An open API service indexing awesome lists of open source software.

https://github.com/jschuur/sheetfig

CLI to download Google Sheets data to JSON files
https://github.com/jschuur/sheetfig

google-sheets

Last synced: 2 months ago
JSON representation

CLI to download Google Sheets data to JSON files

Awesome Lists containing this project

README

        

# Sheetfig

Store your config data in a Google Sheet and download it to JSON files. What could possibly go wrong?

## Overview

Sheetfig is a command line utility to intelligently download data from a Google spreadsheet to local JSON files, allowing you to use Google Sheets as a mini CMS. The rows of a sheet become objects in an array with the columns as its properties.

It uses [spreadsheet-to-json](https://www.npmjs.com/package/spreadsheet-to-json) under the hood to hit the Google Drive API, but adds additional niceties to determine what data gets exported:

* Name object properties based on column headers
* Save data as primitives, arrays or nested objects
* Include rows and columns based on checkboxes or CLI options
* Save multiple worksheets using its (tab) names as filenames

## Usage

* Install globally via `npm -g i sheetfig`.
* [Create](https://sheets.new) a new Google Sheet.
* To download data from a Google sheet, you will need to [create a Google service account](https://cloud.google.com/iam/docs/creating-managing-service-accounts#iam-service-accounts-rename-console) under a Google Cloud project with the Google Sheets API [added](https://developers.google.com/workspace/guides/create-project#enable-api). This is possible under the free access tier.
* At the end of the service account creation process, [create](https://cloud.google.com/iam/docs/creating-managing-service-account-keys#creating_service_account_keys) a private key of the type JSON and download it. The `client_email` and `private_key` properties from this key file will be needed as credentials to download your Google Sheet data. Sheetfig can accept them via CLI options, a local `.env` file or the `GOOGLE_CLIENT_EMAIL` and `GOOGLE_PRIVATE_KEY` environment variables.
* [Share access](https://support.google.com/docs/answer/2494822) to the sheet for the `client_email` (Viewer access is sufficient).
* Add a few columns and rows of data to the sheet and use the first row as your field names. Rename the worksheet (tab) from `Sheet1` to `test.json`.
* Run `sheetfig download -s SHEETID`, where `SHEETID` is the long random string of characters in the Google Sheet URL after `spreadsheets/d/` and before `/edit`. It will likely start with a `1`. You can also specify it as `SHEET_ID` in the `.env` file or as an environment variable with the same name.
* You should now have a `test.json` file in your current directory.
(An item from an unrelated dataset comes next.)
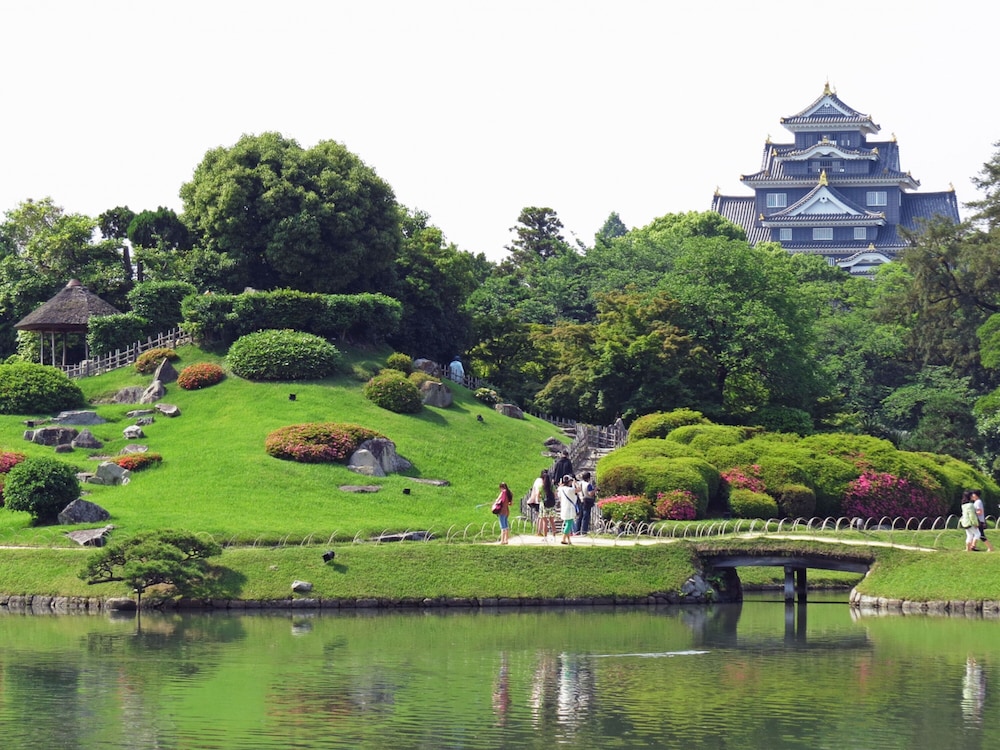 東横 INN 岡山駅西口右 岡山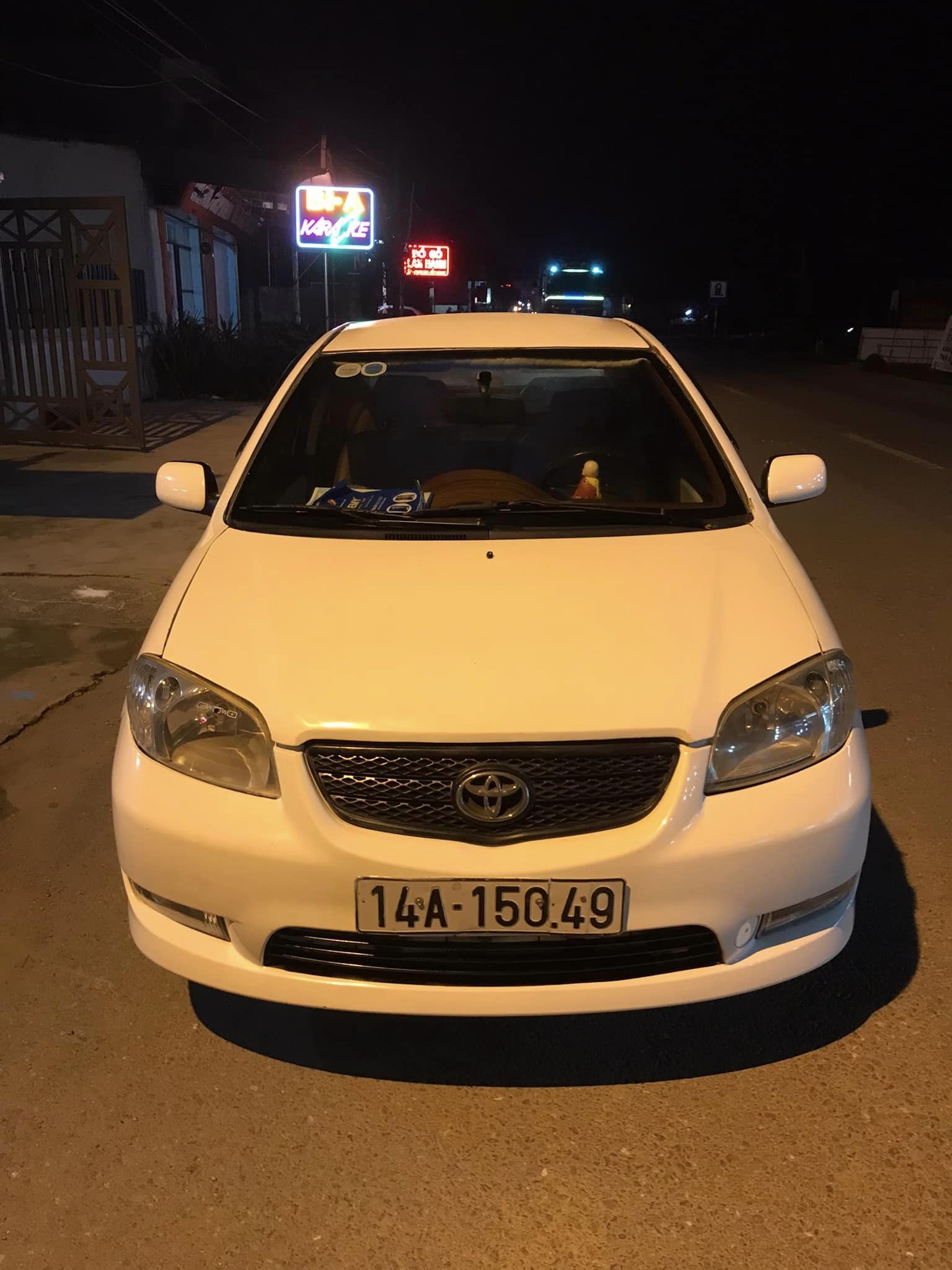 Toyota Vios 2005 - Xe màu trắng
Run `sheetfig --help` for more options.

The export process ignores formatting. If a cell contains a formula, the results of that formula will be exported.

Note that certain [usage limits](https://developers.google.com/sheets/api/limits) apply to how frequent you can use the Google Sheets API.
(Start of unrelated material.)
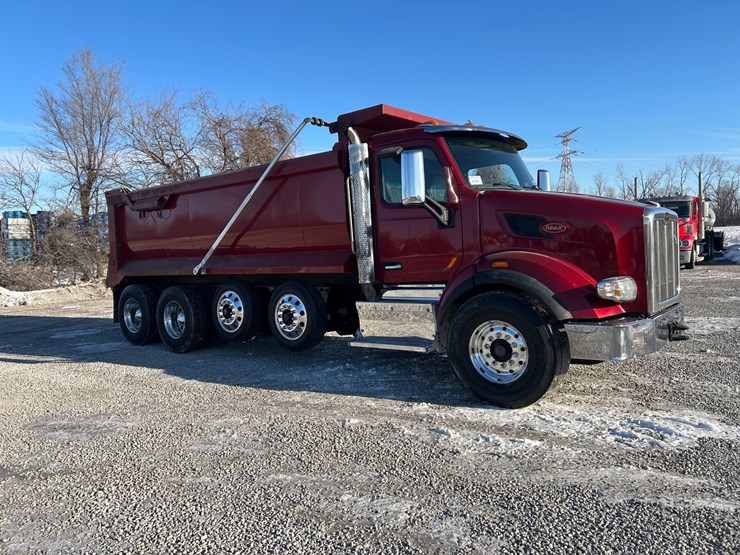 2015-peterbilt-567-image-33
## Customising the export process

By default, sheetfig will download every row and every column from a sheet into an array of objects, using the value of a column's first row for the property names (AKA the 'fields'). Checkboxes become booleans, integers and floats are parsed accordingly and everything else exports as a string. The worksheet name is used as the filename, with each worksheet exporting to a separate file.
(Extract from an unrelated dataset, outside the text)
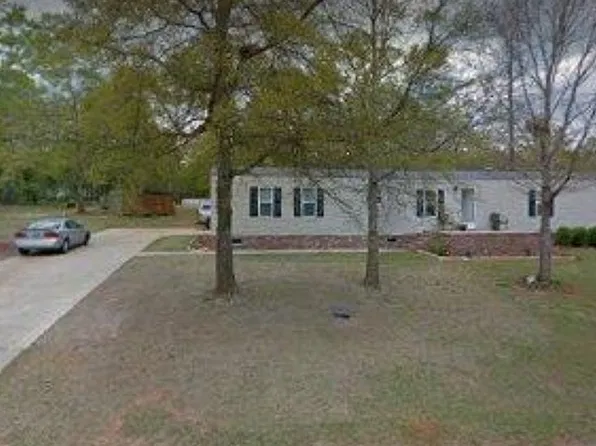 2525 Equinox Ave, Dalzell, SC 29040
You can pass in additional CLI options to determine which columns or rows to export:

* Pass in a comma-separated list of fields via `-x` or `--exclude-fields` and `-i` or `--include-fields` to exclude or only include specific fields.
* Pass in a [range](https://www.npmjs.com/package/parse-numeric-range#supported-expressions) of line numbers via `-r` or `--ignore-rows` to not export them.
* Specify a row number via `-n` or `--include-instructions` with a range of checkboxes to only include columns with a checked checkbox ([example](#example)).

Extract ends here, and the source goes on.